## Task
Reproduce exactly the lines below from the one containing "Authentic COACH #60971-1444" through the one containing "Dono Disposable Puppy", including both, and nothing else.

## Entries supplied

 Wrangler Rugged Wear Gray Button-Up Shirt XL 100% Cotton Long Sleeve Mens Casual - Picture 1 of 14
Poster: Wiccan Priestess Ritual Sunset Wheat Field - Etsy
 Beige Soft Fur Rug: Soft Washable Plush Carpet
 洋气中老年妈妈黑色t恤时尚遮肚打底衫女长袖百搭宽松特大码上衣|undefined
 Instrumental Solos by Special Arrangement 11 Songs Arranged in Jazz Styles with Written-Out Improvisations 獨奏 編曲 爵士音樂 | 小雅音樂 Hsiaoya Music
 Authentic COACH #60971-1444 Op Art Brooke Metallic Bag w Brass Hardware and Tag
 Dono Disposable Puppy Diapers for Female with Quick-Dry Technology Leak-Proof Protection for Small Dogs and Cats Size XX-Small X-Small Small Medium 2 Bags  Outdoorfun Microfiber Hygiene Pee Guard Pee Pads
---
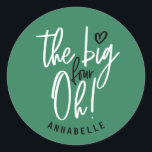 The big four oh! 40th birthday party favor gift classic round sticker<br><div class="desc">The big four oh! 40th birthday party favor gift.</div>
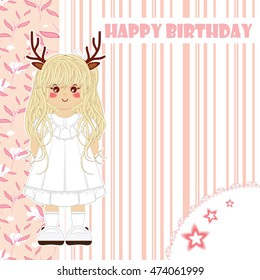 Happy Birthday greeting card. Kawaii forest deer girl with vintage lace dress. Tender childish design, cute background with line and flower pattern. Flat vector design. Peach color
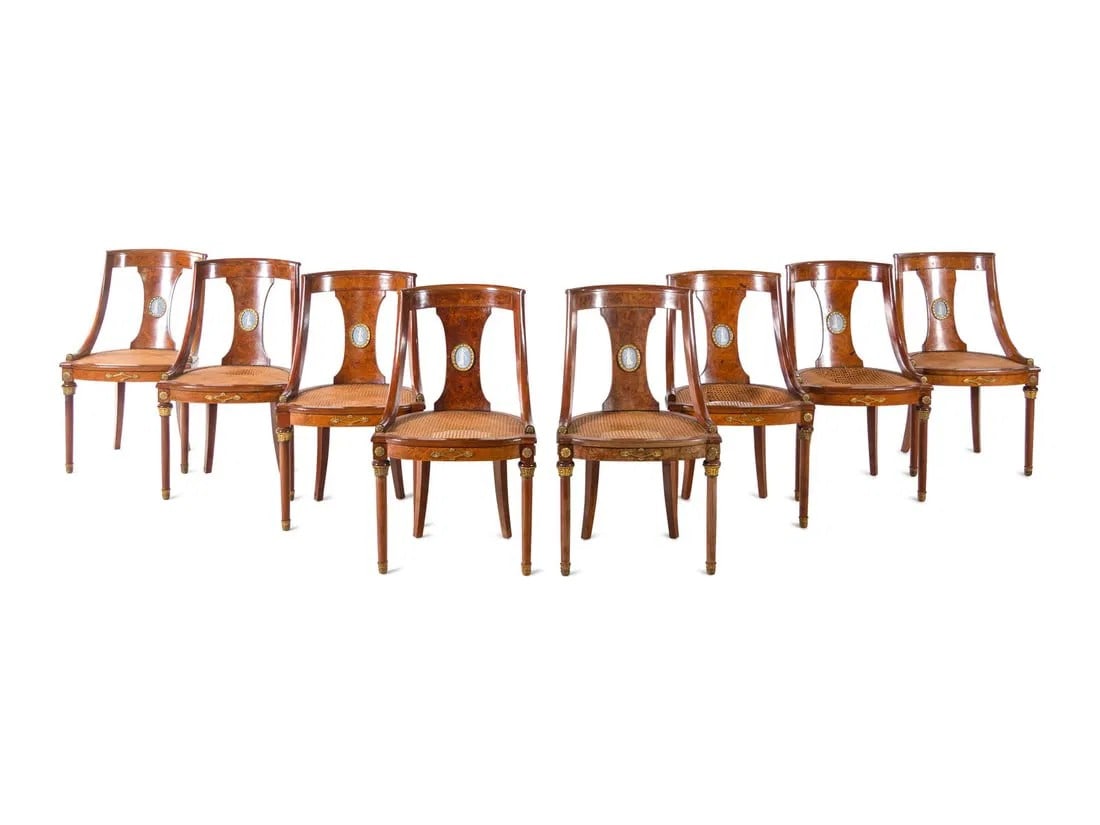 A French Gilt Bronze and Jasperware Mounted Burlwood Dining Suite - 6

## Response
 Authentic COACH #60971-1444 Op Art Brooke Metallic Bag w Brass Hardware and Tag
 Dono Disposable Puppy Diapers for Female with Quick-Dry Technology Leak-Proof Protection for Small Dogs and Cats Size XX-Small X-Small Small Medium 2 Bags  Outdoorfun Microfiber Hygiene Pee Guard Pee Pads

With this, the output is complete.